Wednesday, January 2, 2013

molasses madness

did you know that if you boil molasses at least three times it is called blackstrap and loses all its sweetness? i mean the robust molasses i got from grandma's molasses was pretty darn unsweet (think burnt sugar, it was also the color of burnt sugar) but this stuff makes unbelievable ginger cookies w/ some spice fun. i'm having too much fun w this molasses stuff. and on wikipedia. haha. someone stop me!

gingerbread cookies are probably in my top 3 cookies (i think chocolate chip and oatmeal raisin round out my top three, although right now i'm on such a baking high i can't even think of another kind of cookie...oh boy, someone stop me)

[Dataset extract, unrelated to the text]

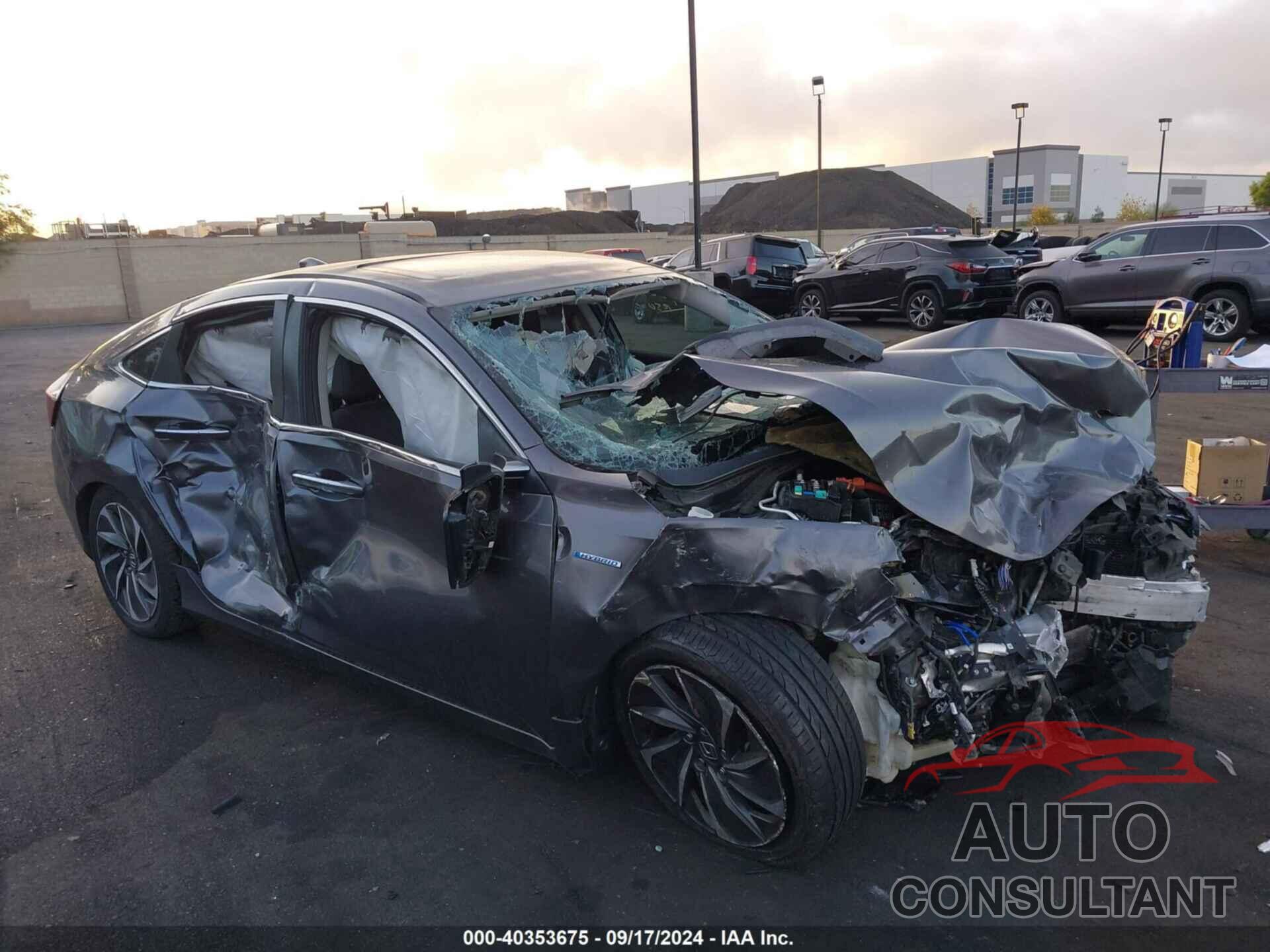 HONDA INSIGHT 2019 - 19XZE4F97KE024165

but i used simply recipe's molasses spice recipe b/c after reading that i should chill the dough overnight for gingerbread men, i went for the more instantaneous gratification :). these babies don't look anything like simply recipe's version, no crackle, no poof, but my sisters called them "crack cookies" so i guess that was a ringing endorsement. good thing i had lots of coworkers to share the drug addiction with. the dough was very sticky and the cookies puddled out to be very thin (it was an all around vote that the cookies baked on the silpat were much nicer than those on the aluminum foil- more crisp but in a light airy way). these cookies are very delicious! gingery, buttery with a nice rich flavor which i'm thinking comes from the combination of all the spices with the molasses (nom nom). the only change i made to the recipe was using raw sugar in place of brown sugar (i still can't find my brown sugar from thanksgiving so i think i'm on strike for buying more until it shows itself). i also made these cookies much smaller to get about 4-5 dozen cookies. these cookies spread, so only put about 8 cookies per cookie sheet. bake about 5-6 minutes.

today, got stuck in bumper to bumper traffic right on my way home from work (i'm hoping this wasn't remnants from new year's eve fun and people forgot how to drive) but i passed 3 accidents. so de-stressing meant thinking about cookies to bake- aka, tool around with the cookie recipe to make it healthier and also more cakey (i like my cookies crisp on the outside and chewy on the inside!)

for the 2nd version i took out an entire stick of butter, 1/4 c of the sugar (the raw sugar), and put in two large spoonfuls of plain yogurt. the dough still came out incredibly wet and i had an even harder time rolling it in sugar (it was more a ploop into the sugar bowl then covering it in sugar and balling it up and shaking off as much sugar as possible). but these cookies were much poofier and cakier. also, less greasy. which i appreciated. these need to bake a bit longer to get the crisp on the outside, about 7-8 minutes is perfect texture in my opinion. 

in case you didn't get enough molasses in your life, i got one more goodie for you- spice molasses pumpkin bread adapted from circle b kitchen who adapted it from bon appetit. i made quite a few changes (out of pure laziness of not wanting to get more ingredients and nutritional preferences). plus, i only made 1 loaf.

Spiced Molasses Pumpkin Bread (1 loaf)

1/4 c white sugar
1/4 c plain yogurt
1/4 c robust molasses (I used Grandma's Molasses)
1 large egg
10 oz pumpkin puree
1.5 c flour
1/2 tsp group allspice
1/2 tsp ground cinnamon
1/4 tsp ground nutmeg
1/2 tsp baking soda
1/4 tsp baking powder
1/2 tsp salt
3/4 c raisins
1/2 c toasted walnuts, chopped
sprinkle of raw sugar, optional but recommended

Preheat oven to 350F. Butter one loaf pan.

Mix the sugar, yogurt, pumpkin and molasses in a large bowl to blend. Mix in the egg.

In a separate bowl, sift the flour, spices, baking soda, salt, and baking powder. Stir the flour mixture into the pumpkin mixture in two additions. Mix in the walnuts and raisins.

Pour the batter into the loaf pan, sprinkle with raw sugar and bake 40-50 minutes.

since i took out all the fat from the recipe the sprinkled sugar on top helps to give the bread some crust. this bread is delish- moist from the pumpkin and raisins and the toasted walnuts fit perfectly with it. eummm, too bad i'm not as productive about the rest of my life when i get stuck in traffic. happy baking :) i really need to stop baking late at night so you can see the actual yummy color of the food!